Distance healing

P.S. Make sure not to let anyone touch those stones you wear. Unless you know inside they can.

Thanks nowell :smile:

This doesnt seem to me like a “vampire case” (i’d be very sceptical about that anyway). If you are empathic, you can sense emotions in other people, and if they are very sad and in pain then you can have a pretty bad experience if you dont shield yourself a bit from it (like what happened with Q). Trust me, its no fun …

Are you skeptical about psychic vampires or that the homeless man was one? From my experience psychic “vampires” are very real.

the homeless man - i knew him already because he sold a paper and i used to buy it from him now and then.

when it happened it was in the time i just discovered the healing gift and it was very strong in me. That day i talked to the homeless man and i asked if he was allright.

before i knew it my hand was on his forhead and it was likea moment frozen in time. I could almost see light beings behind him and hear like angelic singing. (this is what i see/hear when i think back of the memory).

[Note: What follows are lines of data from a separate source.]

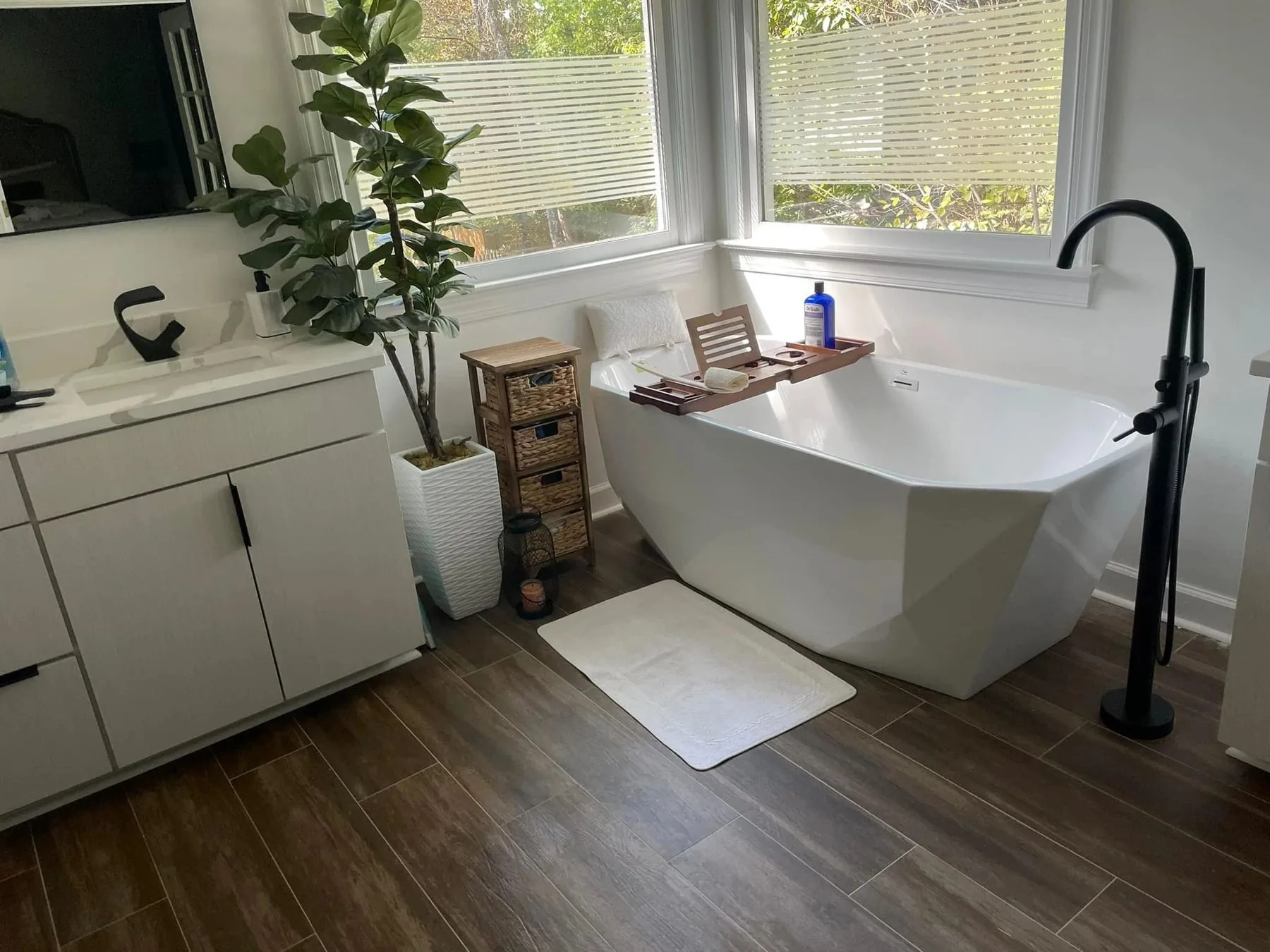 Bathroom with freestanding tub and matte black floor-mounted filler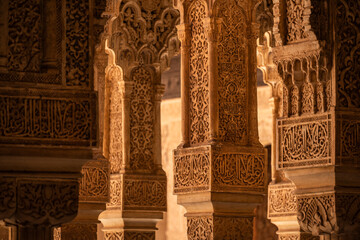Moorish ornaments at the entrance of the Palace of the Lions (Palacio de los Leones, Sala de los Mocárabes), Nasrid palaces, Alhambra de Granada UNESCO World Heritage Site, Andalusia, Spain - obrazy, fototapety, plakaty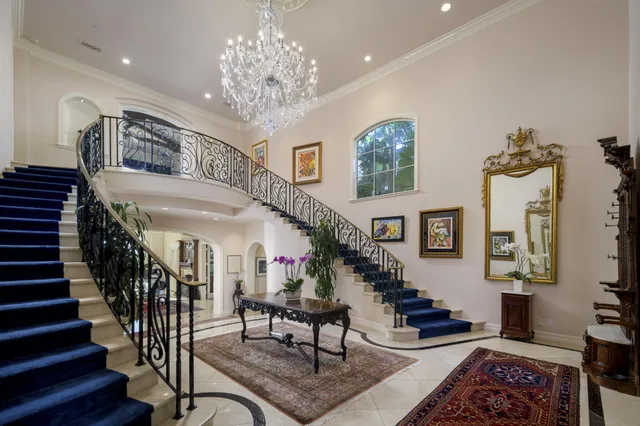 a living room with furniture floor to ceiling window and couch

He let me do it although he was as surprised as me about it i think. I think it lasted about 10 seconds. Then i removed my hand and felt confused and ashamed. I didn’t know how soon i should run home. My husband was with me (at that time i just met him) and he said i shouldn’t have done that. I felt very dirty, ashamed, confused, insecure, angry, whatever. Very very bad.

I never dared go to that shop again for a long time, and later i when i did i hoped i wouldn’t encounter him. I never have and started to wonder if i didn’t kill him or anything. But i have seen him once and that was kind of a relief.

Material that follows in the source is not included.